No good deed goes unpunished.

That is the key takeaway from the departure last month of Jay S. Wintrob as president and CEO of American International Group’s Life & Retirement unit. It is pure coincidence that Wintrob’s departure was announced against the background of the start of the Federal Claims Court trial demanded by Maurice “Hank” Greenberg on his contention that the federal government’s methodology in handling the bailout of AIG amounted “to an attempt to ‘steal the business.’” But it is ironic that Wintrob is departing after his unit reported two straight quarters of the highest earnings in the history of AIG’s life business.

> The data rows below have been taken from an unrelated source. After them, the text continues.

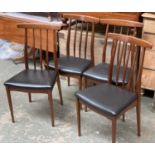 A set of four mid century G Plan style teak and black vinyl dining chairs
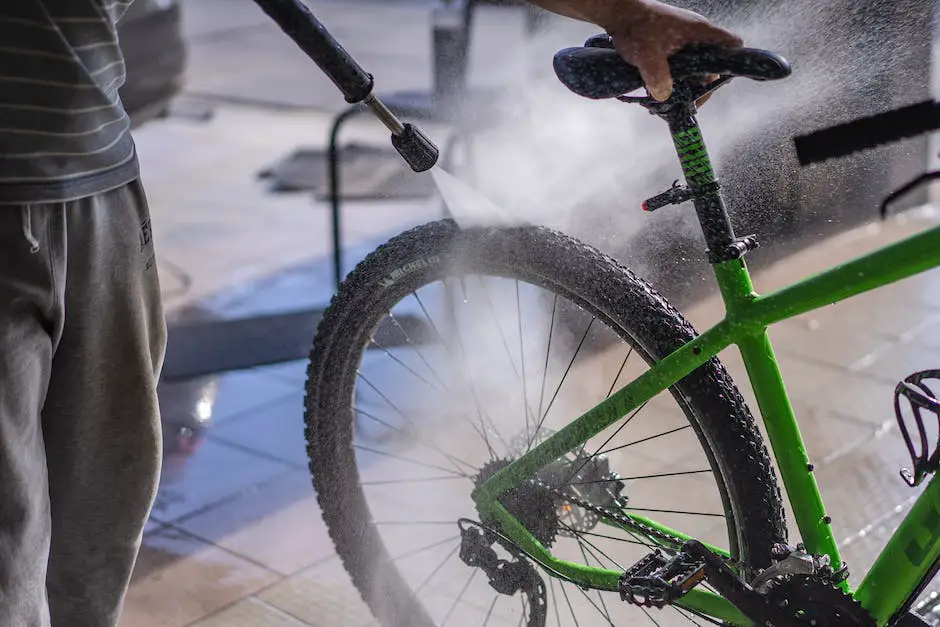 A person washing their bike with a sponge and cleaning solution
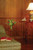 Williamsburg cherry library interior wall paneling used with beadboard below.
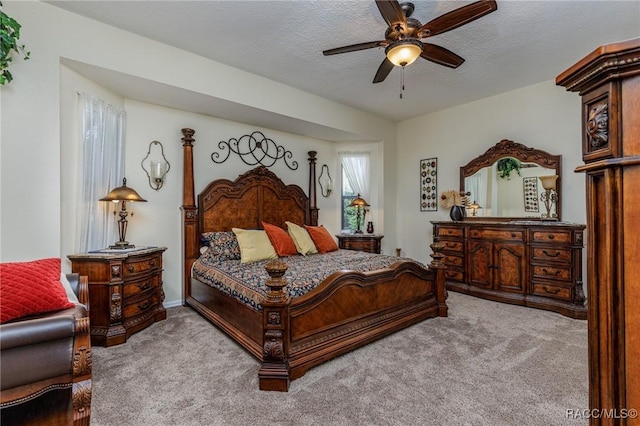 carpeted bedroom featuring a textured ceiling and ceiling fan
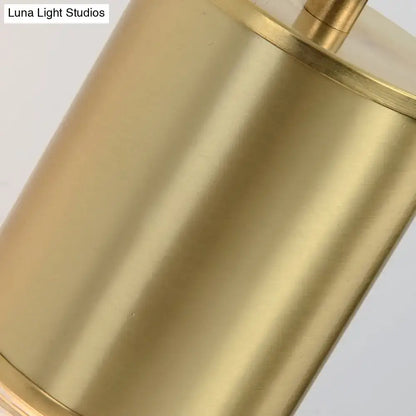 Minimal brass and glass wall sconce light with brass-finished cylindrical base featuring smooth polished surface and banding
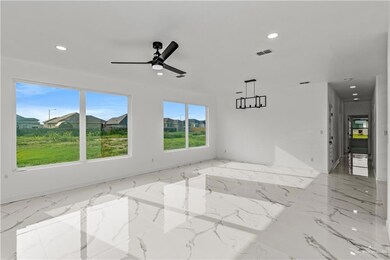 Spare room featuring ceiling fan and light tile floors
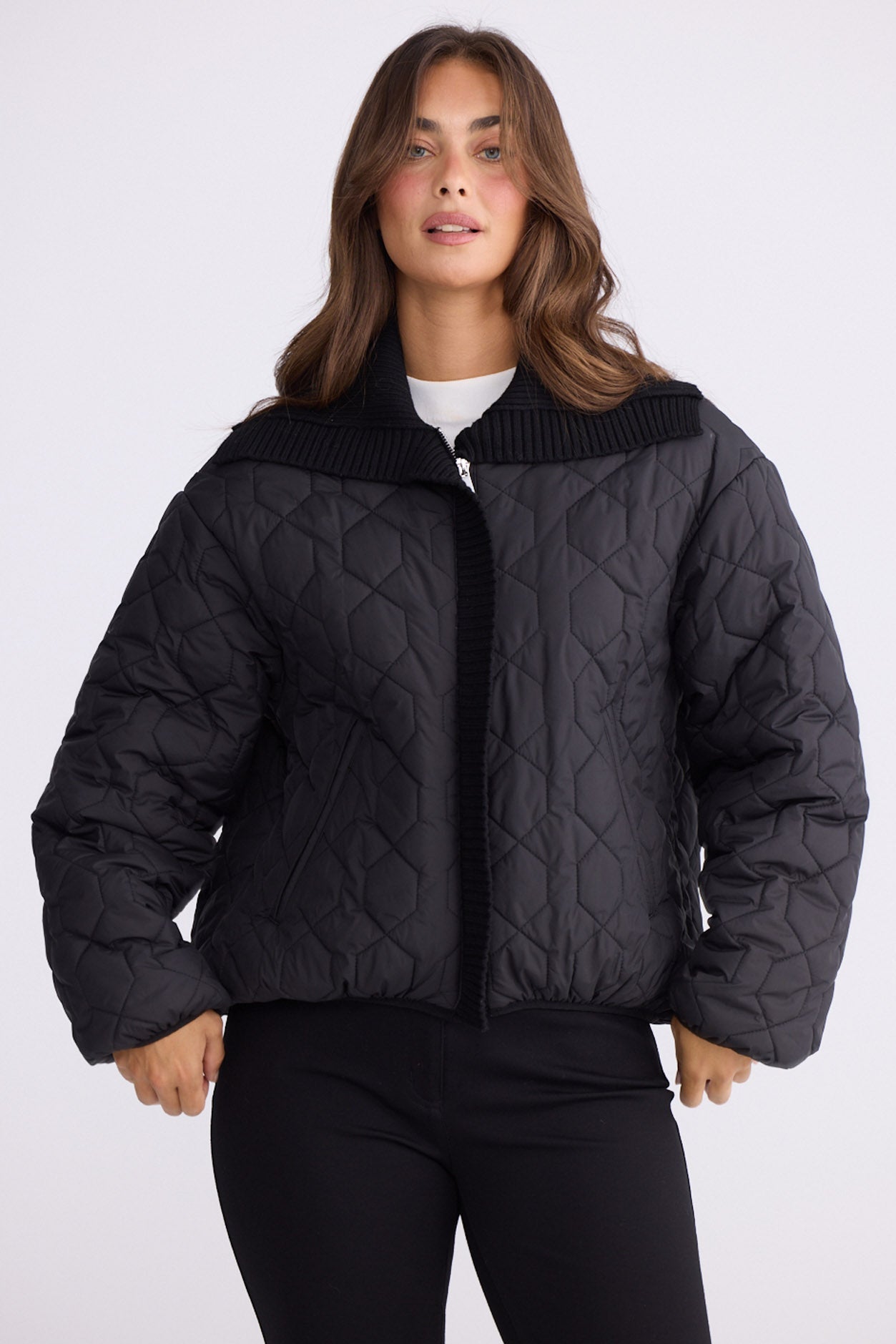 Model wearing Devin Puffer black puffer jacket, wide ribbed contrast collar and placket, front view on white background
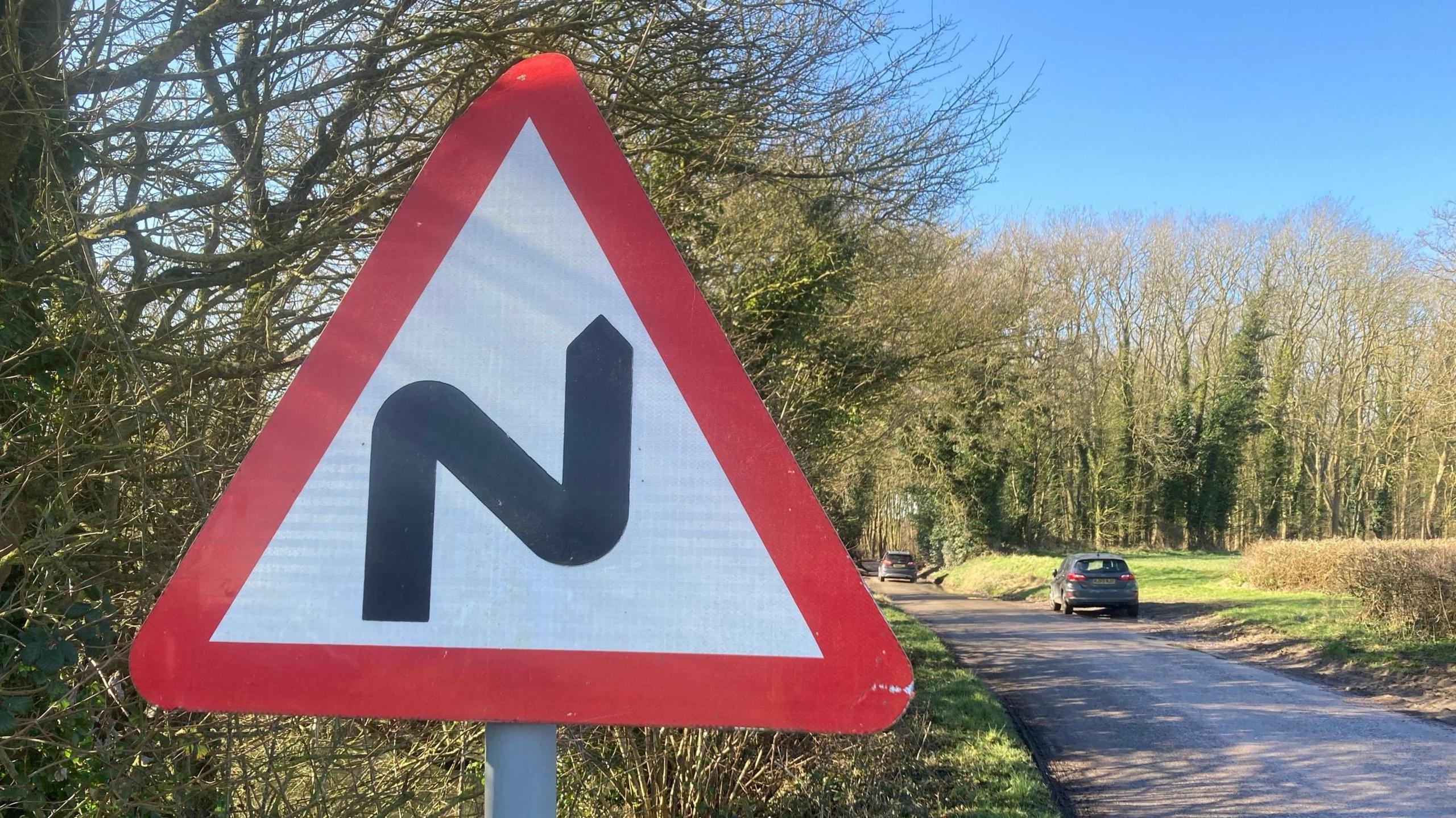 On the left of the picture is a triangular sign which has a red border, and white centre. It has a N shape on it which represents a bend in the road. On the right is he road leading towards the distance with 2 cars on it. 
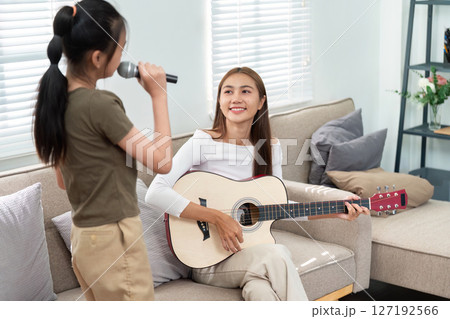 Mother and Daughter Music Session. Singing and playing guitar together in a joyful atmosphere. Mother and Daughter Music Session. Singing and playing guitar together in a joyful atmosphere. 127192566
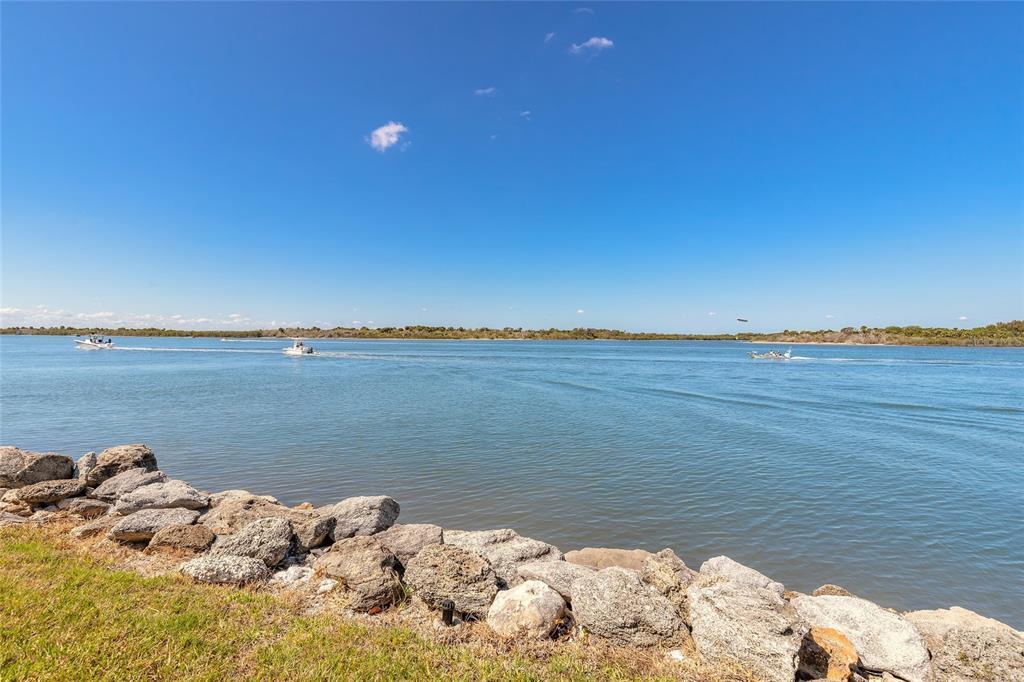 A rocky shoreline borders a wide waterway with several small boats under a clear sky — 2100 N PENINSULA AVENUE UNIT 1050, NEW SMYRNA BEACH, FL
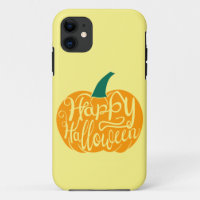 Happy Halloween lettering on carved pumpkin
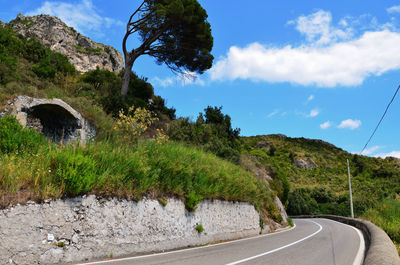 Scenic view of mountain road against sky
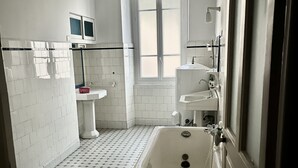 Een badkamer met een witte badkuip, een raam met uitzicht en een betegelde vloer.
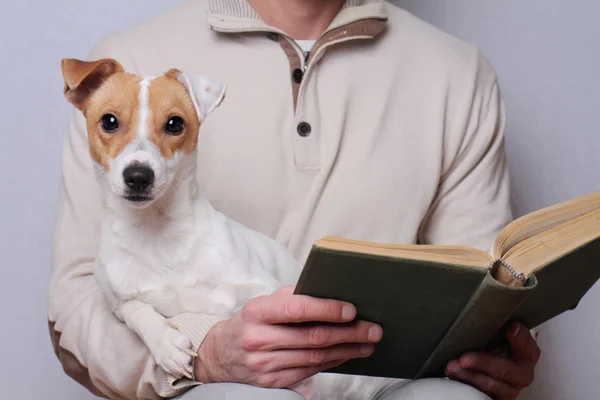 Man reading book and hugging dog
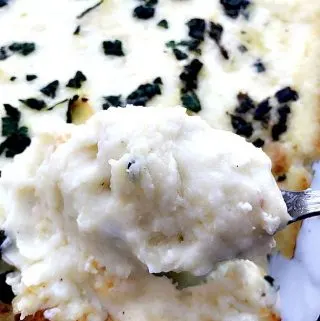 baking dish of cream cheese garlic parmesan mashed potatoes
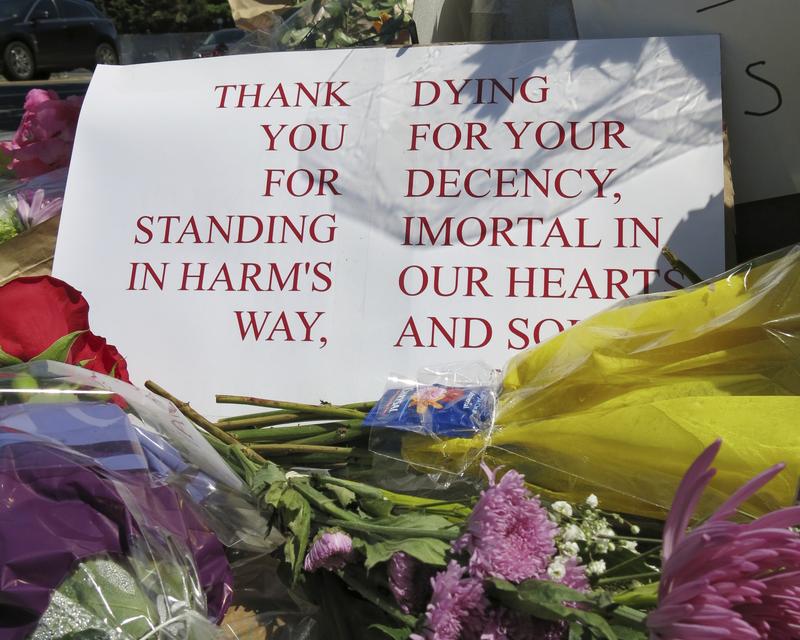 A sign of thanks at a memorial outside the transit center in Portland, Ore. on Saturday, May 27, 2017 after two people were fatally stabbed for standing against an anti-Muslim attack.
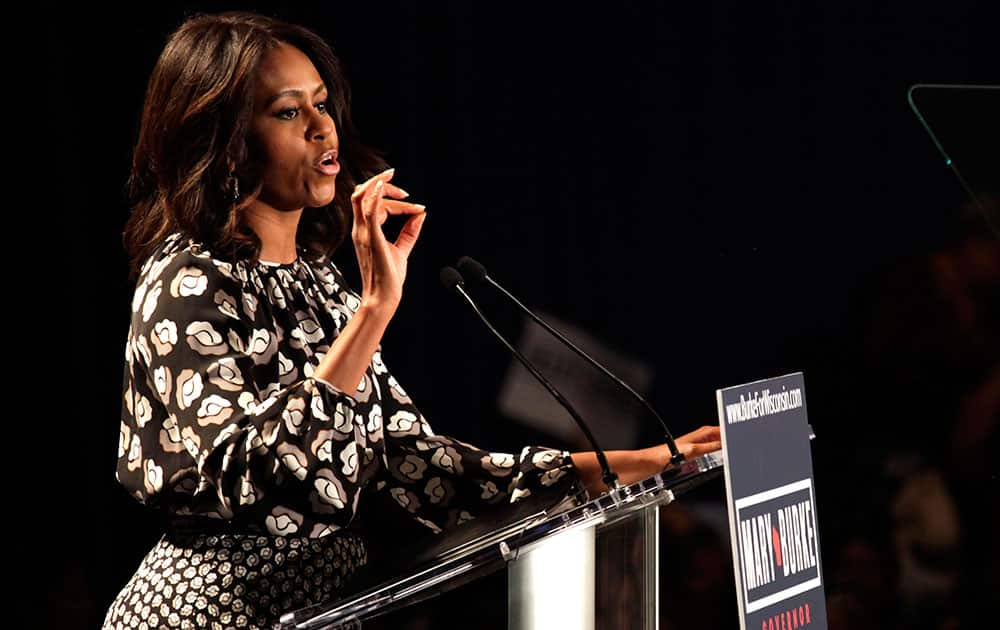 First lady Michelle Obama speaks on behalf of Wisconsin Democratic gubernatorial candidate Mary Burke at a campaign rally in Milwaukee.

He is leaving as the nation relives the nightmare that ensued when the AIG situation came to light in early September 2008. For example, in an email released the day before he testified at the trial Oct. 9, Ben Bernanke, then-Federal Reserve chairman, said, “We think they are days from failure. They think it is a temporary problem. This disconnect is dangerous.”

“It was a failure of the country to put in place a system to constrain risk-taking,” Timothy Geithner, former New York Federal Reserve Board president and Treasury secretary for the Obama administration during the bailout, testified. “Risk migrated to places where constraints did not exist.”

A Government Accountability Office report in 2011 on the AIG rescue noted: “During October 2008, the Federal Reserve System considered options that included…government purchases of AIG’s life insurance subsidiaries.”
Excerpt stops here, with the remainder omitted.